Todos os institutos do Direito Civil vêm perdendo a estrutura abstrata e generalizante para, aos poucos, substituí-las por disciplinas legislativas cada vez mais concretas (1). Com o intervencionismo estatal consagrado pela Constituição de 1988, institucionaliza-se a interferência do Estado nas relações contratuais, "definindo limites, diminuindo os riscos do insucesso e protegendo camadas da população que, mercê daquela igualdade aparente e informal, ficavam à margem de todo o processo de desenvolvimento econômico, em situação de ostensiva desvantagem" (2).
Nessa nova estrutura, o contrato, típico instituto do Direito Privado, vem sofrendo uma série de alterações conceituais e a antiga visão de autonomia plena da vontade perde espaço para uma elaboração mais voltada para a realidade social dos envolvidos na relação contratual. Aqui, segundo aponta a melhor doutrina italiana, percebe-se que não se pode mais falar em Princípio da Autonomia da Vontade mas em Autonomia Privada.
Como se sabe, e tal fato constitui uma realidade social, dificilmente a parte consegue manifestar de forma plena e inequívoca a sua vontade no momento negocial. Esse elemento tão raro e inerente à própria dignidade da pessoa humana perdeu o papel orientador que tinha no passado eis que vivemos sob a égide do "Impérios dos Contratos-Modelo".
Sob esta ótica, muito se fala, no âmbito do Direito Civil, na socialização dos velhos conceitos herdados do Direito Romano, o que leva a um conflito na mente dos estudiosos da ciência jurídica, levando à conclusões erradas quanto às transformações no seu âmbito privado (3).
O contrato, cerne principal da relações privadas, como destacam vários doutrinadores, não poderia ficar alheio à tal fenômeno de evolução. Como bem observa Caio Mário da Silva Pereira, sendo o contrato conceito intimamente relacionado à vontade humana e suscetível de influência pelas transformações pelas quais passam os interesses da sociedade, não poderia ficar alheio às modificações sociais.
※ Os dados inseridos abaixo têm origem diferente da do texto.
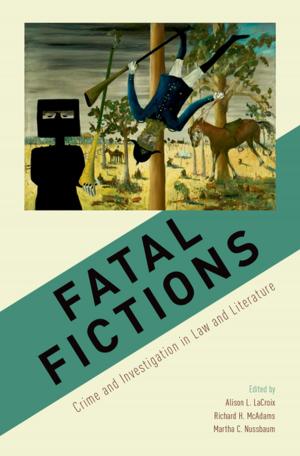 Cover of the book Fatal Fictions by 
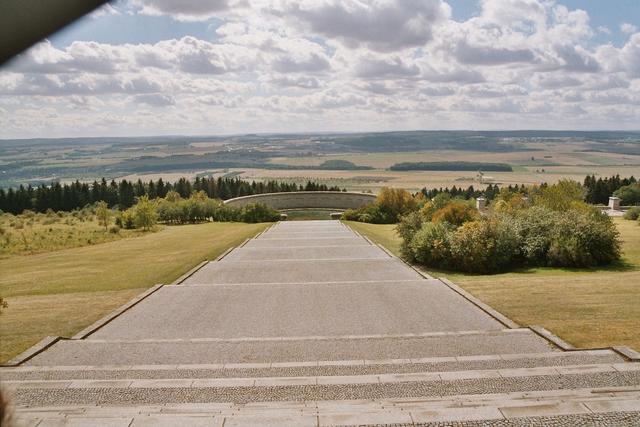 Mahnmalsanlage Gedenkstätte Buchenwald | Foto: JüWi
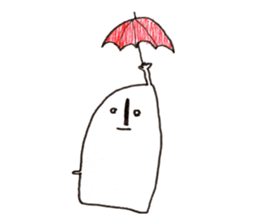 rice-man sticker #5157868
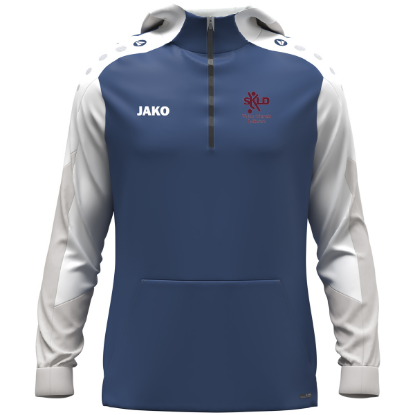Afbeeldingen van Zip hoody Dynamic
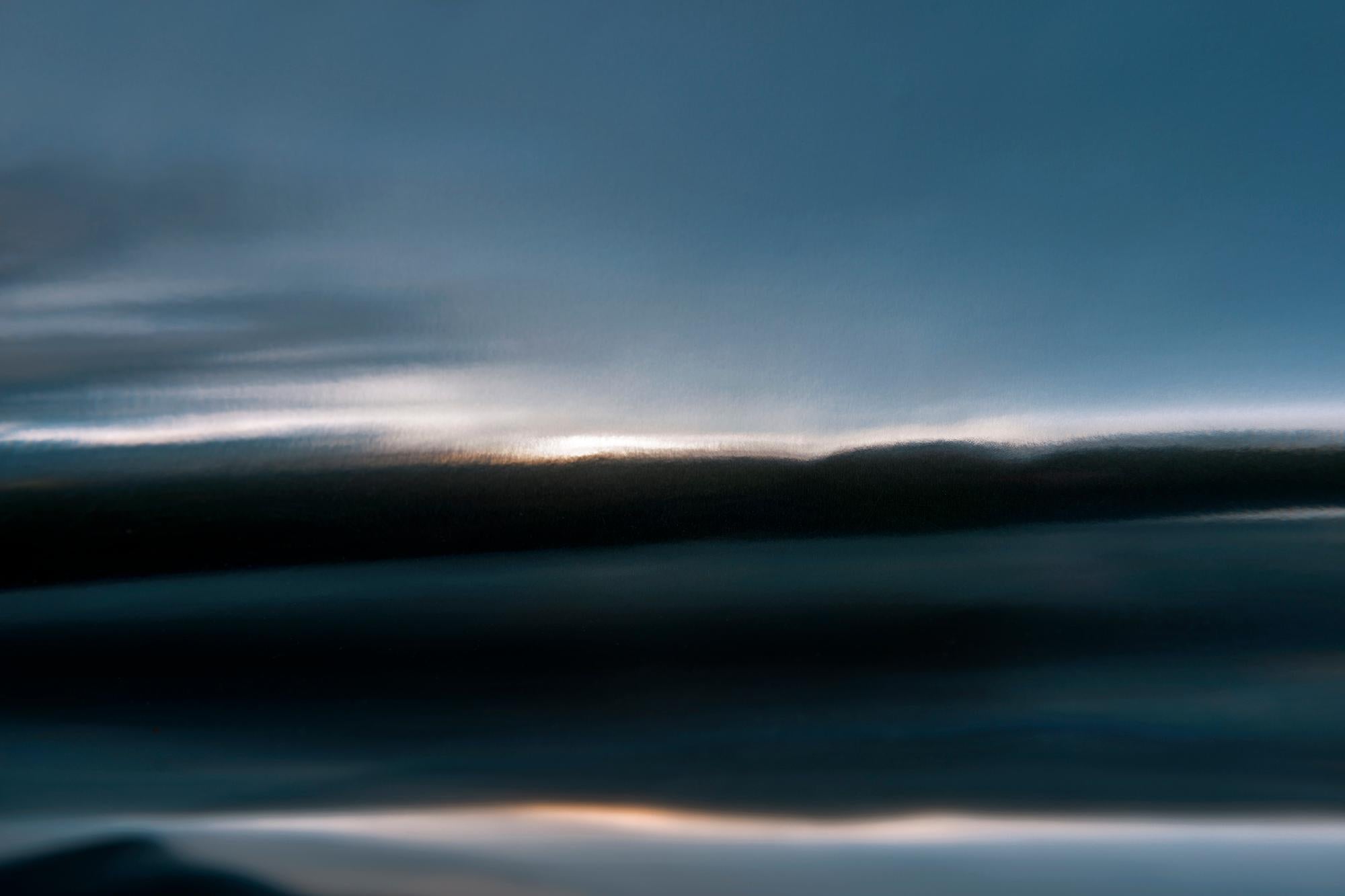 abstract landscape photography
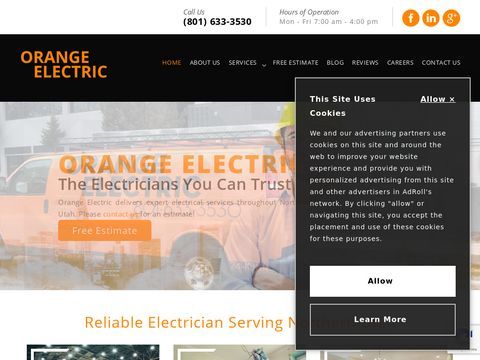 Orange Electric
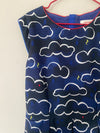 Catimini Cloud Dress | 10 yrs (preloved) KindFolk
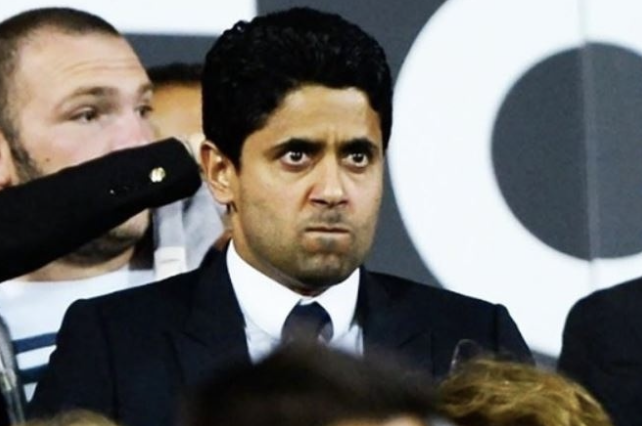 Chủ tịch PSG lo ngại các CLB sẽ học theo Barcelona.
O nobre doutrinador menciona que várias são as facetas de evolução social, podendo-se falar em evolução etimológica, em evolução biológica, em evolução lingüística, em evolução antropológica e, claro, em evolução do contrato, uma "transformação temporal ou espacial " pela qual passa o instituto. (4)
Lembramos a importância do instituto "contrato" para o Direito Privado. No nosso caso, interessante auferir que vários livros do Código Civil em vigor, senão todos, são de vital importância para o instituto em análise.
Sendo o contrato negócio jurídico, não se pode olvidar a importância da Parte Geral do Novo Código Civil para a existência e validade dos pactos celebrados. Vital o estudo dos elementos essenciais, acidentais e naturais do negócio jurídico, eis que também são os esses elementos formadores e orientadores do contrato. Os defeitos ou vícios do negócio jurídico são de grande valia à matéria contratual, já que geram a anulabilidade ou nulidade do pacto em diversas situações. As situações em que se tem a nulidade e anulabilidade do negócio jurídico são plenamente aplicáveis aos contratos, hipóteses em que se tem a extinção dos contratos por ineficácia contratual.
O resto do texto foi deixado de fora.